A 2005 Merrill Lynch investment survey says men make more mistakes. Fewer men diversify. They also trade more often than women do. That increases transaction costs and taxable liabilities. The study identified the same differences as the Barber and Odean study. Men’s returns are lower, Barber and Odean speculated, due to “over-confidence.”

But the findings are mixed. In 2015, Vanguard published, “The buck stops here: Vanguard Men versus Women In DC Plans.” Vanguard based its data on 720,000 eligible employees in 380 retirement plans.

Over the five-year period that ended in 2014, men averaged a compound annual return of 10.1 percent year. Women averaged a compound annual return of 9.7 percent. Other studies say that men take higher risks. But Vanguard’s data might dump that assumption. In 2014, the average male Vanguard investor had 26 percent in bonds, 64 percent in stocks. The average woman had 27 percent in bonds, 63 percent in stocks.

Vanguard’s investors, however, might not be typical. Most of them invest in index funds. Across the board, such investors tend to be far more disciplined than the typical investor in actively managed funds.

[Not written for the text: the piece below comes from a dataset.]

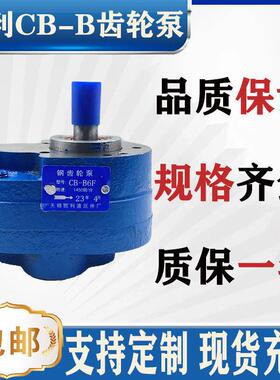 齿轮泵CB-B10/B4/B6/B16/B20/B25/B32/B40/B50/B63大流量液压油泵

But Brian Thompson says we shouldn’t bother asking whether men or women are better at investing. There’s a much bigger issue. He’s a Certified Financial Planner with Brian Thompson Financial in Chicago, Illinois. He specializes in financial planning for gay and lesbian couples. “Often, one spouse handles all of the finances,” he says, “and the other sticks their head in the sand. I find that when they start to work together, they make better headway.”

Aleasha Morris agrees. She’s a consultant with Leadership Vision Consulting. The firm uses research from the bestselling book, StrengthFinder 2.0.

People start by answering a series of online questions. The program identifies their top 5 strengths out of a possible 34. These strengths have names like Activator, Maximizer, Discipline and Learner. Once determined, they allow people to better understand their natural thoughts and behaviors.

“When investing, couples should have an intimate understanding of each partner’s strengths,” says Aleasha. It helps them to make better decisions together. She adds, “One partner might have Activator or Maximizer strengths. They tend to pull the trigger on novel opportunities because they’re excited and energized when there’s movement.”

Scott Smith is a Certified Financial Planner (CFP) in Rochester Hills, Michigan.

He works for Olympia Ridge-Personal Financial Advisers. Scott says that when a dominant partner is quick to pull the trigger, the couple can run into problems. "It usually leads to poor long-term investment performance.”

Couples rarely have the same strengths. Aleasha Morris says that’s fine. “Assume that the other partner’s top strengths are Discipline and Learner. They usually prefer methodical approaches to investing. That might mean a low risk, proven performance option.” But such investors need to talk to their partners. Those who don’t could end up sitting on their butts and not taking action.

Scott Smith says that without a gentle push, those non-invested assets will lose money to inflation.

He explains, “The couples I see who are most financially effective communicate about money. I recommend that couples pick one day a month to discuss their household finances. They may not agree with one another, but at least they are talking.”

It sounds like married men and women–no matter how financially savvy–should avoid investing solo when they have a co-pilot.